Single police force not on
THE letter on December 14 from Mr Arendse “Metro cops can gear up against gangsters” has reference.
Yes, Section 199(1) of the constitution does provide for a “single police service”. However, if Mr Arendse were to continue reading the constitution, he would note section 206(7) which specifically provides for the establishment of Municipal Police Services, which means the metro police is part and parcel of a democratic South Africa.
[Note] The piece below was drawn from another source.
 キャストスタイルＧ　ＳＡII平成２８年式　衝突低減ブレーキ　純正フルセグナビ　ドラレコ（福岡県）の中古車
Reading these two sections together, it is plainly obvious that the drafters of our constitution intended for a single nationally-run police service AND locally run municipal police services.
It is not true to say that the DA is the only party in opposition to the ANC’s plan to amalgamate the metro police into the SAPS. The National Assembly’s own document analysing the Green Paper which proposes merging of municipal police and SAPS noted that, “it is clear that a legal mind was not applied on other constitutional provisions that create space for the establishment of metro police”.
Parliament further notes these proposals were “contrary to a dominant strand of thinking in the policing discourse that view metro police as augmenting the policing architecture and/or security apparatus…”
If this policy – an ANC 2007 Polokwane conference resolution – were such a brilliant idea, why has Mr Arendse’s party spent the past 10 years vacillating on it? Probably because an amalgamation will mean less localised responses to crime prevention and it will negatively affect service priorities.